Friday, 17 February 2012

Hubert Wilberforce Wilson: What’s in a name?


While we were researching our actual question, something caught our eyes. On the southeast side of the church there was a very large grave, 9 by 4 feet, and what strikes you most at first glance is the name “Wilberforce”.



All four of us had the same reaction to this grave, we all got extremely excited over the name, started guessing what he looked like and decided that he must have been an extremely intense man. At first we decided that, since he needed so much more height than everyone else that he must be some huge, muscular, blond man of Scandinavian decent, looking a little like this…

But then the more we talked about him the more we felt that he must have been a very important person as well to warrant a raised marker and a spot so close to the church. He was, obviously, a very serious man, probably a bit grim and bound by honour to do his duty. The more I thought about him, the more he evolved in my head into Eddard Stark.

Wilberforce soon became our favourite grave out of the bunch and we even managed to find out a bit about the true Hubert Wilberforce Wilson on the Internet.

 
Hubert Wilberforce Wilson was born in Hong Kong during the British occupation to Wilberforce Wilson and Jessie Ransome. He was the second oldest of ten children, but the genealogy sites do not tell how many of these siblings survived childhood. He is recorded to have been a Consul and diplomat for South America and his portrait hangs in the British National Portrait Gallery. He also was on the 1930 Honours List as a Companion of the Order of St Michael and St George according to the London Gazette. He died in Victoria B.C. in 1949.

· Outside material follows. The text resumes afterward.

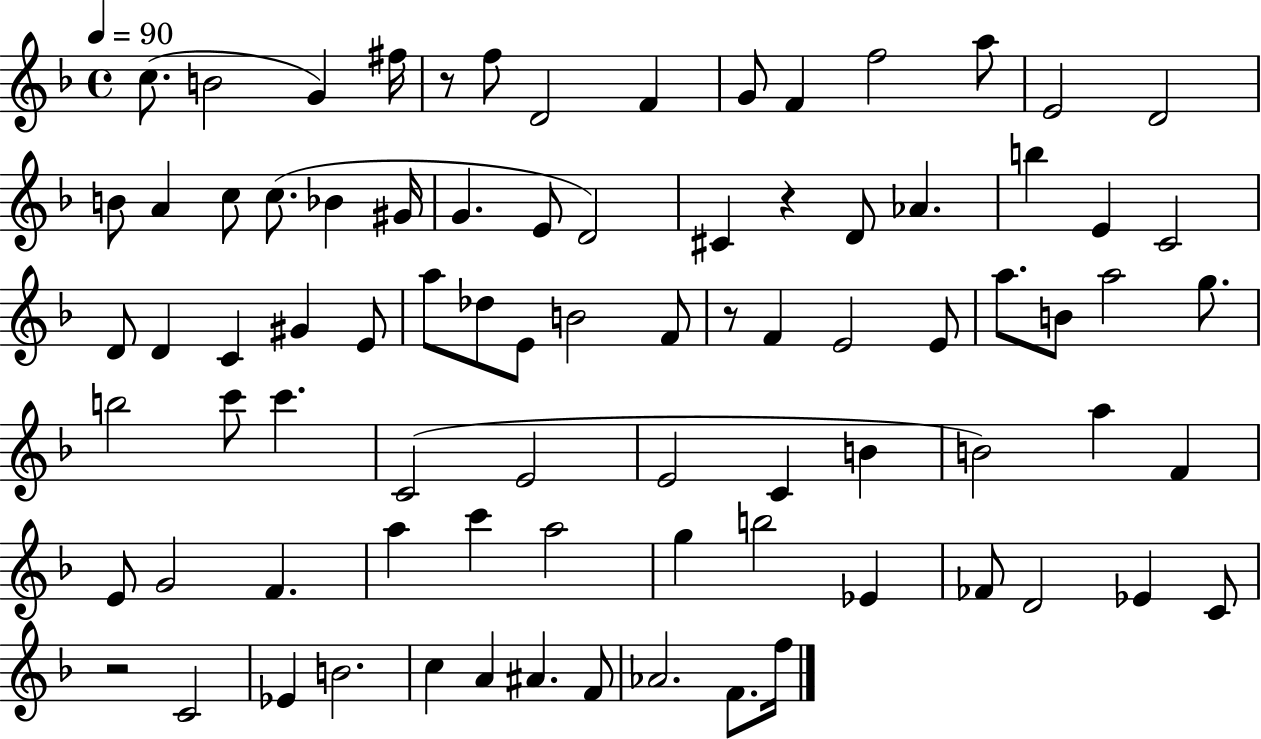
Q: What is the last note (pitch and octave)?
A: F5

One interesting thing we did uncover researching Wilson was that his grave says he was born in 1857 but all the online genealogy sites say that he was born in 1867. It would be interesting to track down more records on him and find out which is wrong!

Anyways, the point of this post was to draw attention to our curiosity to know about the dead and who they were based off of simple things they leave behind, such as their names. Who knows, there could be other interesting stories to be told about the people at St. John’s but we just did not look into them because their names did not catch our imagination as fully as Hubert Wilberforce Wilson did.